■ DATA SHOWN:

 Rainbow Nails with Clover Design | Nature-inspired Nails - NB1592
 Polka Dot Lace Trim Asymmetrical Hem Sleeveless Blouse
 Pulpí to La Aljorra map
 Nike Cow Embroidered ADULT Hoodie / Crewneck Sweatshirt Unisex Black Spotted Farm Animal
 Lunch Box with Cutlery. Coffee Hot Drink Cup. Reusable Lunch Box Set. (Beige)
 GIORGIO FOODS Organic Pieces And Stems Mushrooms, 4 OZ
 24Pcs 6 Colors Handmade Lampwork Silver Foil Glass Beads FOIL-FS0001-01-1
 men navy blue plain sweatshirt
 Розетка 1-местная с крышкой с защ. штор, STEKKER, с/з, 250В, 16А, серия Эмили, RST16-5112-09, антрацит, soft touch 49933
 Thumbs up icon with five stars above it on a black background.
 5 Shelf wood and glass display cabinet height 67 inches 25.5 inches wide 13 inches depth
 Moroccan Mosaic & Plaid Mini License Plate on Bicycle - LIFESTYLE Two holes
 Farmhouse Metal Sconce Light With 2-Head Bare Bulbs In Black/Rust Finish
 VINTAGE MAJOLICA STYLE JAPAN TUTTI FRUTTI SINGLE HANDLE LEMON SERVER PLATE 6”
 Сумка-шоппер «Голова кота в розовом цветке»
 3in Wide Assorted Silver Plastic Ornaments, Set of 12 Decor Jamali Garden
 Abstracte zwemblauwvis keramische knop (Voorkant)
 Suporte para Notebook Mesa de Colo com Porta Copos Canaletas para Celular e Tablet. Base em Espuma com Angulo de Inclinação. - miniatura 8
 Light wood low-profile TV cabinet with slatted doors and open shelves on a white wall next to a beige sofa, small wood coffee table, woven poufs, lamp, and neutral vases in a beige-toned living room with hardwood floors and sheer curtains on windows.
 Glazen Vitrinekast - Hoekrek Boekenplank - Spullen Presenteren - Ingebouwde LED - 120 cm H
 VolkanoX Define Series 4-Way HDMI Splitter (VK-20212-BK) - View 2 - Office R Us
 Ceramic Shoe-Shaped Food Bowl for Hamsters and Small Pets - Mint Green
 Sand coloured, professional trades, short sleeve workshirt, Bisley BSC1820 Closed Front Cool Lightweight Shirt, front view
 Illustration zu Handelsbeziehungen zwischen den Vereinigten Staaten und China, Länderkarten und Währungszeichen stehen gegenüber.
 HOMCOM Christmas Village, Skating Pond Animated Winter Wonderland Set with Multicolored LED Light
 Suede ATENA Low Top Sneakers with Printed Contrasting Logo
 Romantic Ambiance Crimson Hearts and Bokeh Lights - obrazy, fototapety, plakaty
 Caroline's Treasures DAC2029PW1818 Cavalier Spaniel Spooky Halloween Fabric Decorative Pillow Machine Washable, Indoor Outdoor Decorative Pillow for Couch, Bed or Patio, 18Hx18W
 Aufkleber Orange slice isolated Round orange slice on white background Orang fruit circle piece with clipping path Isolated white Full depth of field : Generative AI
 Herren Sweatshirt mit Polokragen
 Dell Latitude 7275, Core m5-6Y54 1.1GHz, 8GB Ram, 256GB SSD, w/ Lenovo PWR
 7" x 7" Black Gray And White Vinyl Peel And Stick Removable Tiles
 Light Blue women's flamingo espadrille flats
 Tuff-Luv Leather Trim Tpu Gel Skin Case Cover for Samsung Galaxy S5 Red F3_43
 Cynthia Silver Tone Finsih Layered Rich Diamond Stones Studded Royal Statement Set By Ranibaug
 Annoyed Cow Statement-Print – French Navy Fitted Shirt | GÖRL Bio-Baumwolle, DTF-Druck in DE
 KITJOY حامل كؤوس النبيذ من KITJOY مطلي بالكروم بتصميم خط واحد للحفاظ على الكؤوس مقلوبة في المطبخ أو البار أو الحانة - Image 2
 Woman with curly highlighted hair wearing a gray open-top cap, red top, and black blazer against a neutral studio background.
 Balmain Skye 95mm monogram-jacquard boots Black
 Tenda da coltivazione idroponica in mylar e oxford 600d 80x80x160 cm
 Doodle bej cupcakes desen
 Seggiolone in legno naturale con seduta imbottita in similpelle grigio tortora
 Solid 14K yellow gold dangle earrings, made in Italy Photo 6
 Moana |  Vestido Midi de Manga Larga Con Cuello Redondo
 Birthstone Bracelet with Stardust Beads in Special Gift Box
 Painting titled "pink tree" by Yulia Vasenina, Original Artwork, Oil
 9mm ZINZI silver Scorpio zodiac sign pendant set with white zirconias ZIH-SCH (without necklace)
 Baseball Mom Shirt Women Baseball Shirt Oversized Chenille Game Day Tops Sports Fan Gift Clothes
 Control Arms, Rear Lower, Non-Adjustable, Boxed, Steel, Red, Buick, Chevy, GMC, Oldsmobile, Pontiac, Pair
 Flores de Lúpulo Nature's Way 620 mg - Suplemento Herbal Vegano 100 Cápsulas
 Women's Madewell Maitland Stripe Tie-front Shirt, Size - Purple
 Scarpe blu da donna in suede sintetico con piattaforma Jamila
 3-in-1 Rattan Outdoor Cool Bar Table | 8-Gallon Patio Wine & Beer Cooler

■ YOUR ASSIGNMENT: Would you copy, unchanged, the stretch of the records above that begins at the line containing "Suede ATENA Low" and ends at the line containing "Baseball Mom Shirt", and only that?

■ RESPONSE TO THIS EXERCISE:
 Suede ATENA Low Top Sneakers with Printed Contrasting Logo
 Romantic Ambiance Crimson Hearts and Bokeh Lights - obrazy, fototapety, plakaty
 Caroline's Treasures DAC2029PW1818 Cavalier Spaniel Spooky Halloween Fabric Decorative Pillow Machine Washable, Indoor Outdoor Decorative Pillow for Couch, Bed or Patio, 18Hx18W
 Aufkleber Orange slice isolated Round orange slice on white background Orang fruit circle piece with clipping path Isolated white Full depth of field : Generative AI
 Herren Sweatshirt mit Polokragen
 Dell Latitude 7275, Core m5-6Y54 1.1GHz, 8GB Ram, 256GB SSD, w/ Lenovo PWR
 7" x 7" Black Gray And White Vinyl Peel And Stick Removable Tiles
 Light Blue women's flamingo espadrille flats
 Tuff-Luv Leather Trim Tpu Gel Skin Case Cover for Samsung Galaxy S5 Red F3_43
 Cynthia Silver Tone Finsih Layered Rich Diamond Stones Studded Royal Statement Set By Ranibaug
 Annoyed Cow Statement-Print – French Navy Fitted Shirt | GÖRL Bio-Baumwolle, DTF-Druck in DE
 KITJOY حامل كؤوس النبيذ من KITJOY مطلي بالكروم بتصميم خط واحد للحفاظ على الكؤوس مقلوبة في المطبخ أو البار أو الحانة - Image 2
 Woman with curly highlighted hair wearing a gray open-top cap, red top, and black blazer against a neutral studio background.
 Balmain Skye 95mm monogram-jacquard boots Black
 Tenda da coltivazione idroponica in mylar e oxford 600d 80x80x160 cm
 Doodle bej cupcakes desen
 Seggiolone in legno naturale con seduta imbottita in similpelle grigio tortora
 Solid 14K yellow gold dangle earrings, made in Italy Photo 6
 Moana |  Vestido Midi de Manga Larga Con Cuello Redondo
 Birthstone Bracelet with Stardust Beads in Special Gift Box
 Painting titled "pink tree" by Yulia Vasenina, Original Artwork, Oil
 9mm ZINZI silver Scorpio zodiac sign pendant set with white zirconias ZIH-SCH (without necklace)
 Baseball Mom Shirt Women Baseball Shirt Oversized Chenille Game Day Tops Sports Fan Gift Clothes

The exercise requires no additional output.